Ingredients:
- 1 pound (450g) orzo pasta
- 1 cup (150g) pitted Kalamata olives, halved
- 1 red bell pepper, seeded and diced
- 1 yellow bell pepper, seeded and diced
- 1 cucumber, peeled, seeded, and diced
- 1 pint (2 cups/400g) cherry tomatoes, halved
- 1/2 red onion, thinly sliced
- 4 ounces (115g) feta cheese, crumbled
- 1/4 cup (30g) fresh parsley, chopped
- 1/4 cup (30g) fresh mint, chopped
- 1/2 cup (75g) artichoke hearts, quartered (canned or marinated) (optional)
- 1/2 cup (120ml) extra virgin olive oil
- 1/4 cup (60ml) fresh lemon juice
- 2 tablespoons red wine vinegar
- 2 cloves garlic, minced
- 1 teaspoon dried oregano
- 1/2 teaspoon dried basil
- 1/4 teaspoon red pepper flakes (optional)
- Salt and freshly ground black pepper to taste
Instructions:
- Cook orzo according to package directions until al dente. Drain and rinse with cold water to stop the cooking process.
- While the orzo is cooking, prepare the vegetables. Dice the bell peppers, cucumber, and red onion.
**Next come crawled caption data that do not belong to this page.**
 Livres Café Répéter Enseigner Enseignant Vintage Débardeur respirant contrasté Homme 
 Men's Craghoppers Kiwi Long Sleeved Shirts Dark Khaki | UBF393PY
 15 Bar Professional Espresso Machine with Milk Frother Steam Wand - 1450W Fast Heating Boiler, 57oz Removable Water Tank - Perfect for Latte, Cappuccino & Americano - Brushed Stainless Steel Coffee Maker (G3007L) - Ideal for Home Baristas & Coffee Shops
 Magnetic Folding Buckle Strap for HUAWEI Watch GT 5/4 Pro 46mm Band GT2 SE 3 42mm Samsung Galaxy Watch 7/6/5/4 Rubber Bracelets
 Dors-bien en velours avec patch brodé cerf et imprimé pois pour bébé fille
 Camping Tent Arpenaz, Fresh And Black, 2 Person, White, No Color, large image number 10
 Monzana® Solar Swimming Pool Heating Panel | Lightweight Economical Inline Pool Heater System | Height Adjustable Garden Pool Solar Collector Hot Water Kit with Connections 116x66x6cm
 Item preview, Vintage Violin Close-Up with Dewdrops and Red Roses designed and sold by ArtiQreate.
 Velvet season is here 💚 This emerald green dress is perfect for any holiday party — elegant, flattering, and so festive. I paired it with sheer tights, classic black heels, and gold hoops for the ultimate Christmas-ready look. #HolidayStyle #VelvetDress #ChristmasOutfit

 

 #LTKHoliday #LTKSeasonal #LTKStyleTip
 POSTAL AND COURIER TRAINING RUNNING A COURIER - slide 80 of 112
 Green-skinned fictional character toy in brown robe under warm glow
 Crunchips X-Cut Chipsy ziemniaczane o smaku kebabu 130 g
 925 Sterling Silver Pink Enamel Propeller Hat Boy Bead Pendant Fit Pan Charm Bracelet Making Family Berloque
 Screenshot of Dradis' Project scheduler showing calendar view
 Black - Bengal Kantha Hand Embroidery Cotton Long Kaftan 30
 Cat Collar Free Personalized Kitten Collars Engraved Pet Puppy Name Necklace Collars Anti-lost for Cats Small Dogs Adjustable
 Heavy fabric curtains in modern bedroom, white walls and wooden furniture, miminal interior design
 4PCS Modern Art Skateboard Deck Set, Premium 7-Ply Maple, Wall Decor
Halve the cherry tomatoes and olives.
- In a small bowl, whisk together the olive oil, lemon juice, red wine vinegar, minced garlic, oregano, basil, red pepper flakes (if using), salt, and pepper.
- In a large mixing bowl, combine the cooked orzo, olives, bell peppers, cucumber, cherry tomatoes, red onion, parsley, mint, and artichoke hearts (if using).
- Pour the vinaigrette over the salad and toss gently to coat evenly.
- Sprinkle the crumbled feta cheese over the salad.
- Cover the salad and refrigerate for at least 30 minutes to allow the flavors to meld. Serve chilled.